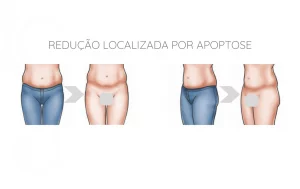 Imagem de ilustração de marca do uso de calça cós baixo que deforma os tecidos de gordura local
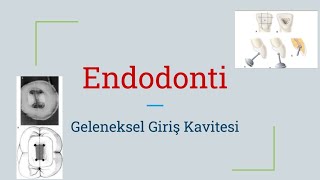 Giriş Kavitesi Prensipleri  Endodonti Dersleri [upl. by Ashatan]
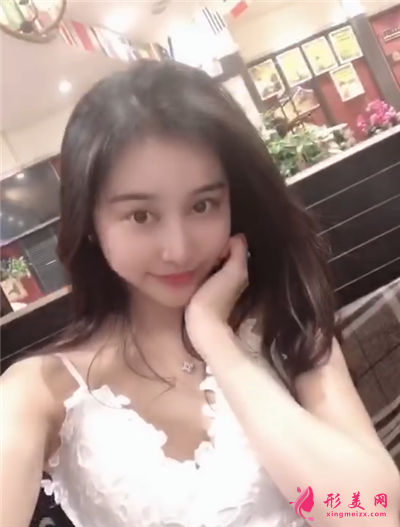 成都恒博种植发际线手术术后效果展示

- _Exercise instructions_:
Transcribe all the data word for word; the images stay out.

- _Task answer_:
 Imagem de ilustração de marca do uso de calça cós baixo que deforma os tecidos de gordura local
 Giriş Kavitesi Prensipleri  Endodonti Dersleri [upl. by Ashatan]
 成都恒博种植发际线手术术后效果展示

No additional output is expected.